### EXERCISE REQUIREMENTS
Stop after the line containing "VTG Tupperware Cake"; retype every line of the data before it exactly, starting from the first.

### INPUT
_ _ _
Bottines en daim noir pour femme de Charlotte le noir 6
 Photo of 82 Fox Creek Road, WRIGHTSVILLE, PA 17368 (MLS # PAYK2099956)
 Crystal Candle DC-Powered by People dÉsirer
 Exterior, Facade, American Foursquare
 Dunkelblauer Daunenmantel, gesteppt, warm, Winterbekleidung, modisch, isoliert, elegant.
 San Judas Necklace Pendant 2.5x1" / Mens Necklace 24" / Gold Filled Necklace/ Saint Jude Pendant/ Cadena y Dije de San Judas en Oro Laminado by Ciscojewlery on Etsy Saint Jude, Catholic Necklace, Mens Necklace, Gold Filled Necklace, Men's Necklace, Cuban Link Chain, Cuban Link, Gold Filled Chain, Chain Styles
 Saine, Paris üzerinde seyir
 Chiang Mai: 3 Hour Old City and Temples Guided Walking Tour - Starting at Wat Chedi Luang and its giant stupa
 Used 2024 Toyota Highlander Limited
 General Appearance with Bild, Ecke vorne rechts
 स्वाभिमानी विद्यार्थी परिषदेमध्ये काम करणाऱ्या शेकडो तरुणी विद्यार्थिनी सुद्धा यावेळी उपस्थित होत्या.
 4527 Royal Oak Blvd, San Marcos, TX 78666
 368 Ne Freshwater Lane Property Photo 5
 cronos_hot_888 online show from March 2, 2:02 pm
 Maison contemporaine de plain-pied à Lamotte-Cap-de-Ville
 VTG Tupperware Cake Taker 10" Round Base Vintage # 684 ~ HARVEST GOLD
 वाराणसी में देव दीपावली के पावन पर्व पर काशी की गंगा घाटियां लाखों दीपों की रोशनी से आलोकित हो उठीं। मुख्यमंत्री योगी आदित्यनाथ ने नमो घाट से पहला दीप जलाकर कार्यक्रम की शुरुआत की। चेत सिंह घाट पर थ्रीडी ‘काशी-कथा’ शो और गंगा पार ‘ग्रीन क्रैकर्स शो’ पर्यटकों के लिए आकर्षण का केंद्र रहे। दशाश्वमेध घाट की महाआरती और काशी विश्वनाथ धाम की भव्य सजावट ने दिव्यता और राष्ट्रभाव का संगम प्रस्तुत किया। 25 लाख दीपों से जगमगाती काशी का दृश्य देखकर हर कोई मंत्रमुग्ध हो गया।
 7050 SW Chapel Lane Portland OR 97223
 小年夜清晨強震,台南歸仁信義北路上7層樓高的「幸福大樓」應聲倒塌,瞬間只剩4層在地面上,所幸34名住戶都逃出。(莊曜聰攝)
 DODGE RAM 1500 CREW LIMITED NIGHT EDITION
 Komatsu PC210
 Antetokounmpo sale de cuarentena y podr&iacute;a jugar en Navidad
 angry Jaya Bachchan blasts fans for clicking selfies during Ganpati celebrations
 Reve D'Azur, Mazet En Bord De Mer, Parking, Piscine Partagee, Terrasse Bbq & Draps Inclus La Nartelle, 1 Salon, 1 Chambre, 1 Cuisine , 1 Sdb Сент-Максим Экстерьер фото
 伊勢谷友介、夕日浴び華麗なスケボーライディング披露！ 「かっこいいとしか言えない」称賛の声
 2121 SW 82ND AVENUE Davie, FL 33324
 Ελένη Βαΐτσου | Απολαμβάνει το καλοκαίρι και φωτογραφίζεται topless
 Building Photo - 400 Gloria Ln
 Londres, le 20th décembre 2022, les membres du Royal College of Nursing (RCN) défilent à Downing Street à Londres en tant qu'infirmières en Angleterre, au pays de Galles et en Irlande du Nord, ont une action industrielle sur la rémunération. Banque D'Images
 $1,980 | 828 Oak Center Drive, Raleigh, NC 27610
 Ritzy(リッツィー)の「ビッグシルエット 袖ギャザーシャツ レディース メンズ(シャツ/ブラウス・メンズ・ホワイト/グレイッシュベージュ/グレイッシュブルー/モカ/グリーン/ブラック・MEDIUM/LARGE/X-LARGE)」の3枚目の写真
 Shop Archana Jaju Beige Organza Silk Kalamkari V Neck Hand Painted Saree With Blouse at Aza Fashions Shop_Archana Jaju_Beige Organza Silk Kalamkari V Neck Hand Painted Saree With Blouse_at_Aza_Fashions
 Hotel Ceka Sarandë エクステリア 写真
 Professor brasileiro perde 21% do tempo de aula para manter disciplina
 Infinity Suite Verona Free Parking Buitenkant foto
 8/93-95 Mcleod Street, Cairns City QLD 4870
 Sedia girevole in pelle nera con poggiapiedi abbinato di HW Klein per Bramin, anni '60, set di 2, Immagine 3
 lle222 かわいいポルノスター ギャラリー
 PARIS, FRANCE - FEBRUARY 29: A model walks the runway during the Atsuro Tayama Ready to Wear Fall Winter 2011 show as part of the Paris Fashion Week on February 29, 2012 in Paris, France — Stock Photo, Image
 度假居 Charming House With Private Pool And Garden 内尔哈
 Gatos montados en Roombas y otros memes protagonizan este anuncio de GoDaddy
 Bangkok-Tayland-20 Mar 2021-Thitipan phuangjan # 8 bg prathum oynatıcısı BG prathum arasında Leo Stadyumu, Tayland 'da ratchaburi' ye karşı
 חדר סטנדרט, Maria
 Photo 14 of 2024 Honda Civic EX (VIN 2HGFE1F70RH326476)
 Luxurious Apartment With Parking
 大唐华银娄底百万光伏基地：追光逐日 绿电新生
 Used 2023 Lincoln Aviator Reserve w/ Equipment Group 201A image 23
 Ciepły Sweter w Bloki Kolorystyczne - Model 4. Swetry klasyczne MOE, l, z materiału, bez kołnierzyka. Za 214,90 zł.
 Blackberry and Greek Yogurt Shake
_ _ _
### SOLUTION FOR THIS EXERCISE
Bottines en daim noir pour femme de Charlotte le noir 6
 Photo of 82 Fox Creek Road, WRIGHTSVILLE, PA 17368 (MLS # PAYK2099956)
 Crystal Candle DC-Powered by People dÉsirer
 Exterior, Facade, American Foursquare
 Dunkelblauer Daunenmantel, gesteppt, warm, Winterbekleidung, modisch, isoliert, elegant.
 San Judas Necklace Pendant 2.5x1" / Mens Necklace 24" / Gold Filled Necklace/ Saint Jude Pendant/ Cadena y Dije de San Judas en Oro Laminado by Ciscojewlery on Etsy Saint Jude, Catholic Necklace, Mens Necklace, Gold Filled Necklace, Men's Necklace, Cuban Link Chain, Cuban Link, Gold Filled Chain, Chain Styles
 Saine, Paris üzerinde seyir
 Chiang Mai: 3 Hour Old City and Temples Guided Walking Tour - Starting at Wat Chedi Luang and its giant stupa
 Used 2024 Toyota Highlander Limited
 General Appearance with Bild, Ecke vorne rechts
 स्वाभिमानी विद्यार्थी परिषदेमध्ये काम करणाऱ्या शेकडो तरुणी विद्यार्थिनी सुद्धा यावेळी उपस्थित होत्या.
 4527 Royal Oak Blvd, San Marcos, TX 78666
 368 Ne Freshwater Lane Property Photo 5
 cronos_hot_888 online show from March 2, 2:02 pm
 Maison contemporaine de plain-pied à Lamotte-Cap-de-Ville
 VTG Tupperware Cake Taker 10" Round Base Vintage # 684 ~ HARVEST GOLD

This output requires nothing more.